EXERCISE DESCRIPTION:
Beginning with the line where "new 2025 Chevrolet" appears, restate each line word for word until the data ends. Pictures do not go in.

*** Opening INPUT DATA ***

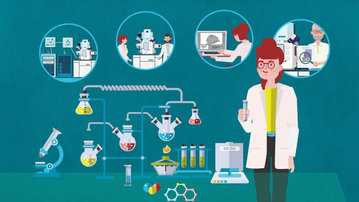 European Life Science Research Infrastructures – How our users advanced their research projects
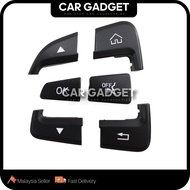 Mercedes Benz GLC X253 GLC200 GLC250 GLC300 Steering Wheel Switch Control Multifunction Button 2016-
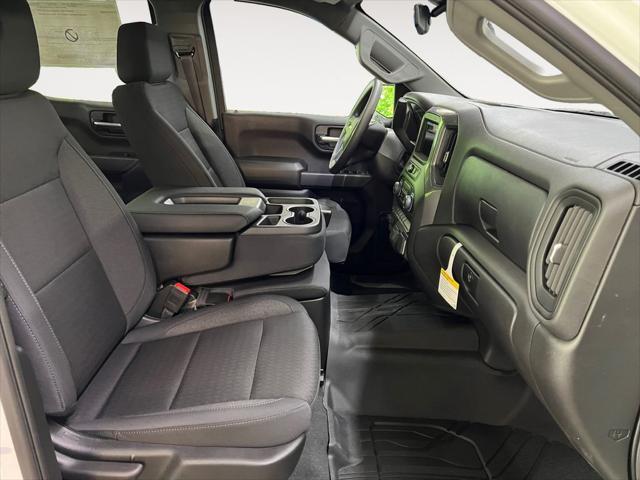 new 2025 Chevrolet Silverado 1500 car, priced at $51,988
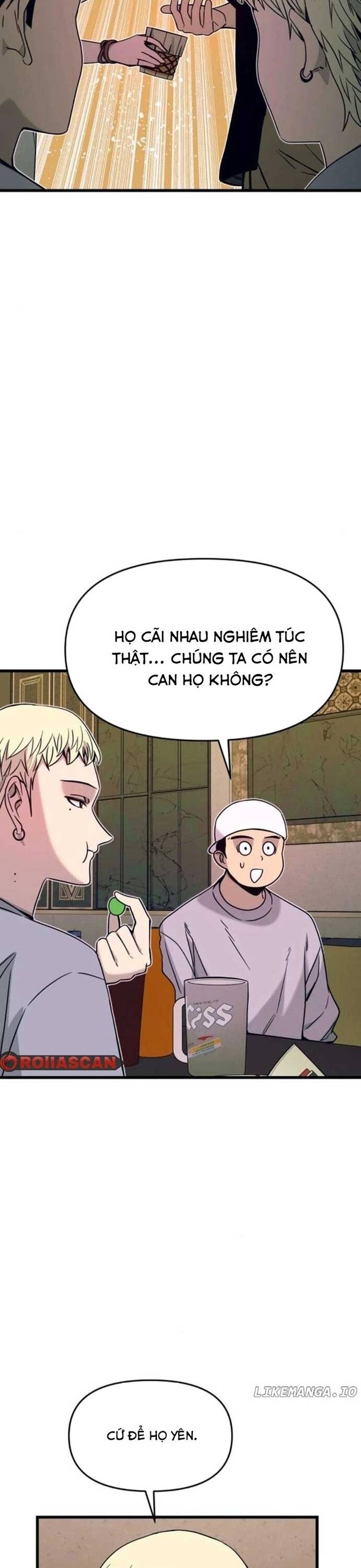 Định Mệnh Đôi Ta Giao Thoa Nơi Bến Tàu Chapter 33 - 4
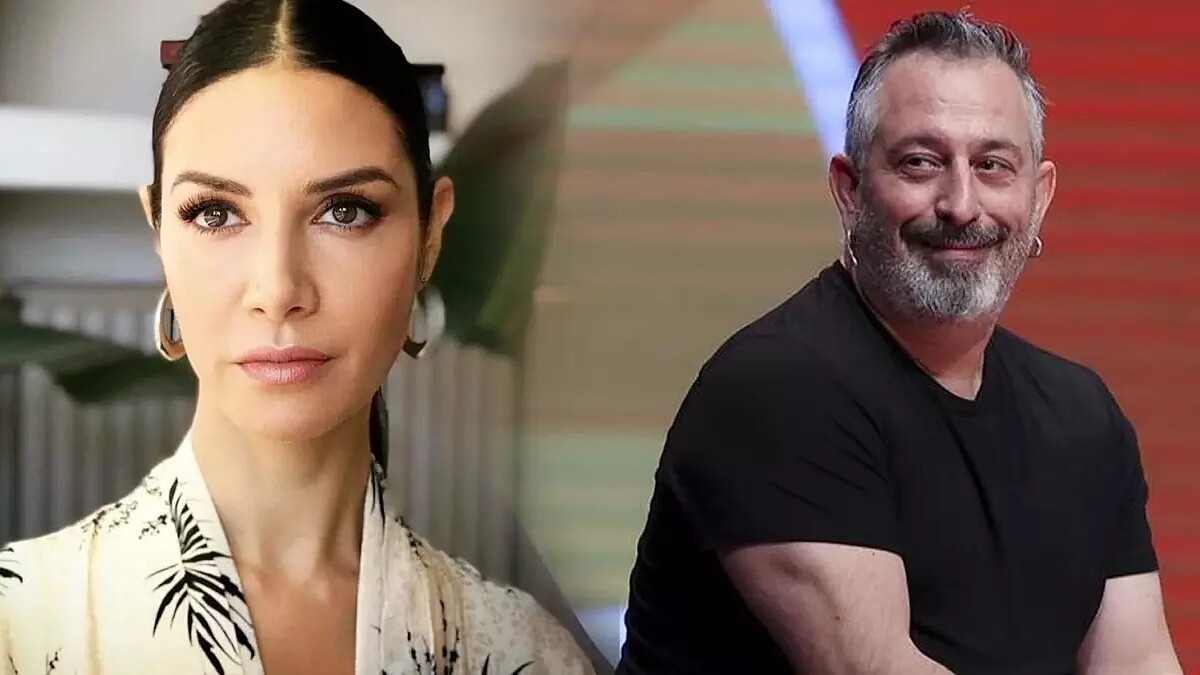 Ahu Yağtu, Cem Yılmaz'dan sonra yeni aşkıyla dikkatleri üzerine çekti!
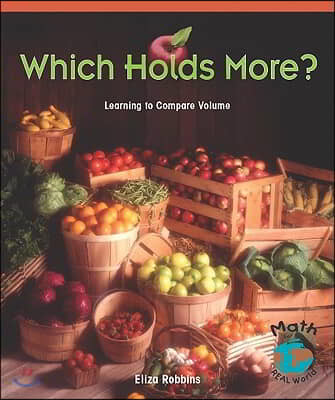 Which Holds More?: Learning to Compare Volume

*** Closing INPUT DATA ***

RESULT FOR THIS TASK:
 new 2025 Chevrolet Silverado 1500 car, priced at $51,988
 Định Mệnh Đôi Ta Giao Thoa Nơi Bến Tàu Chapter 33 - 4
 Ahu Yağtu, Cem Yılmaz'dan sonra yeni aşkıyla dikkatleri üzerine çekti!
 Which Holds More?: Learning to Compare Volume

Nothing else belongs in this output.